**INSTRUCTIONS TO FOLLOW:**
Your copy should repeat each record below exactly and contain no images.
___
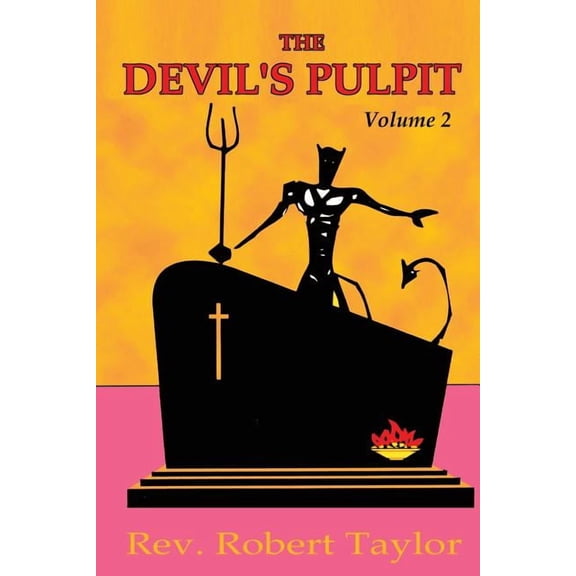The Devil's Pulpit Volume Two, (Paperback)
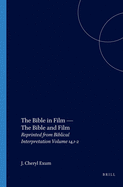The Bible in Film -- The Bible and Film: Reprinted from Biblical Interpretation Volume 14,1-2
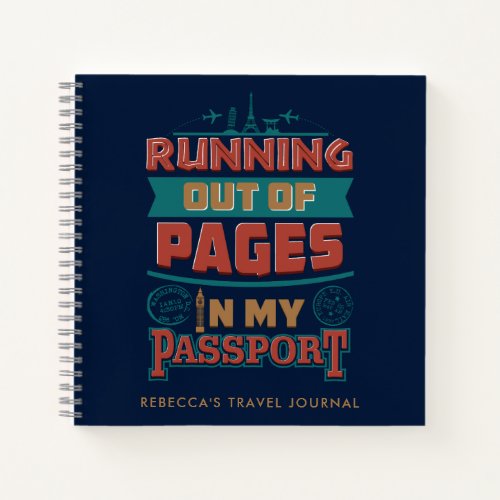 Running Out of Pages Family Vacation Custom Travel Notebook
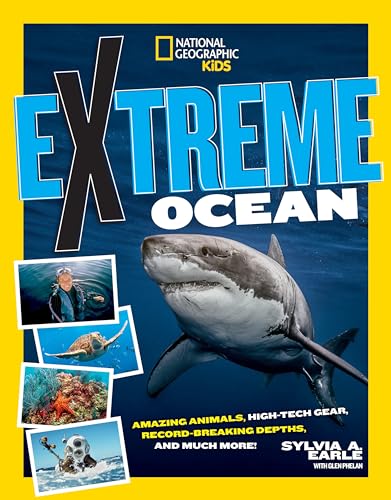 9781426336867: Extreme Ocean: Amazing Animals, High-Tech Gear, Record-Breaking Depths, and More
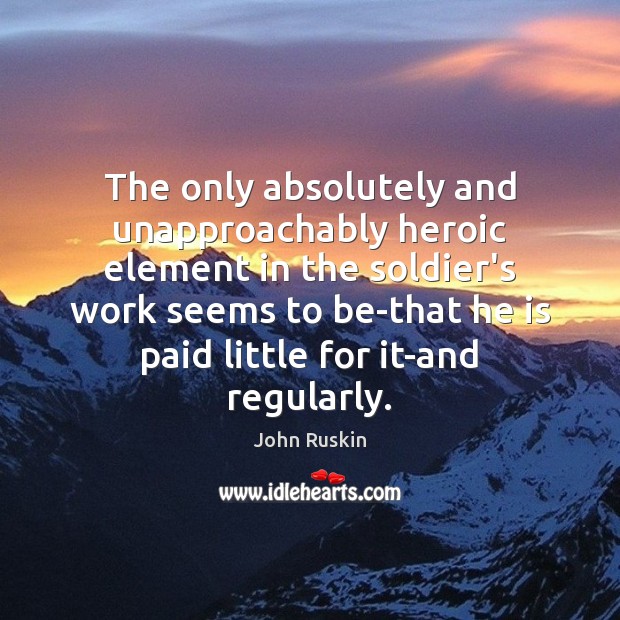 The only absolutely and unapproachably heroic element in the soldier’s work seems John Ruskin Picture Quote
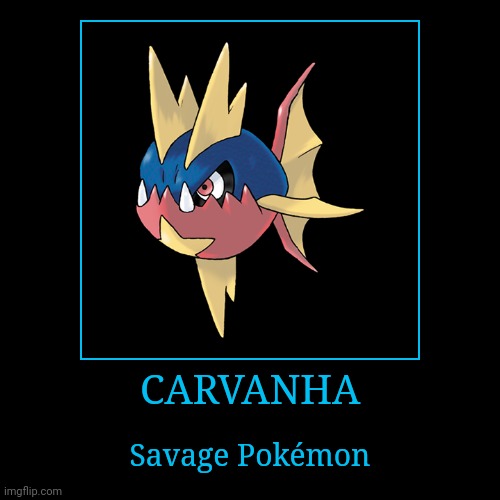 Carvanha | CARVANHA | Savage Pokémon | image tagged in demotivationals,pokemon,carvanha | made w/ Imgflip demotivational maker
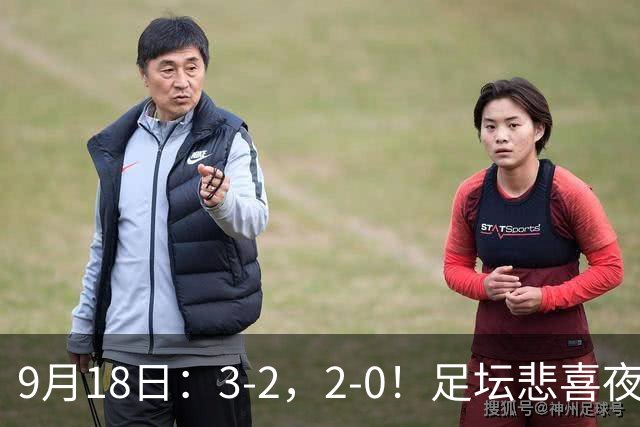 9月18日：3-2，2-0！足坛悲喜夜！国足世界杯出局 马竞巴萨大胜 曼联米兰输球_2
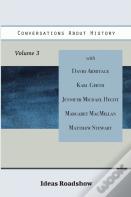 Conversations About History, Volume 3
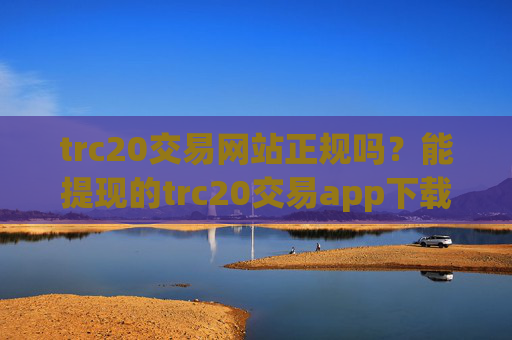 trc20交易网站正规吗？能提现的trc20交易app下载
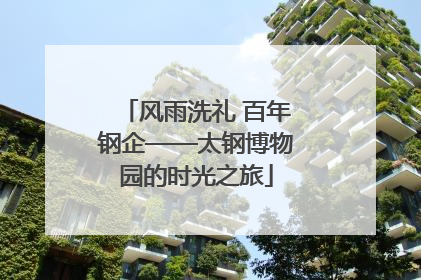 风雨洗礼 百年钢企——太钢博物园的时光之旅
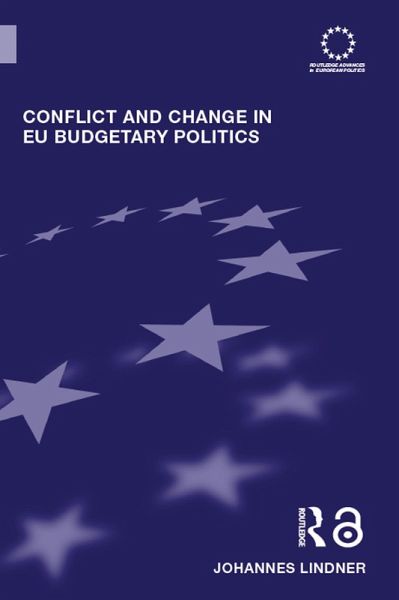 Conflict and Change in EU Budgetary Politics (eBook, PDF) Conflict and Change in EU Budgetary Politics (eBook, PDF)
___
**EXPECTED OUTPUT:**
The Devil's Pulpit Volume Two, (Paperback)
The Bible in Film -- The Bible and Film: Reprinted from Biblical Interpretation Volume 14,1-2
 Running Out of Pages Family Vacation Custom Travel Notebook
 9781426336867: Extreme Ocean: Amazing Animals, High-Tech Gear, Record-Breaking Depths, and More
 The only absolutely and unapproachably heroic element in the soldier’s work seems John Ruskin Picture Quote
 Carvanha | CARVANHA | Savage Pokémon | image tagged in demotivationals,pokemon,carvanha | made w/ Imgflip demotivational maker
 9月18日：3-2，2-0！足坛悲喜夜！国足世界杯出局 马竞巴萨大胜 曼联米兰输球_2
 Conversations About History, Volume 3
 trc20交易网站正规吗？能提现的trc20交易app下载
 风雨洗礼 百年钢企——太钢博物园的时光之旅
 Conflict and Change in EU Budgetary Politics (eBook, PDF) Conflict and Change in EU Budgetary Politics (eBook, PDF)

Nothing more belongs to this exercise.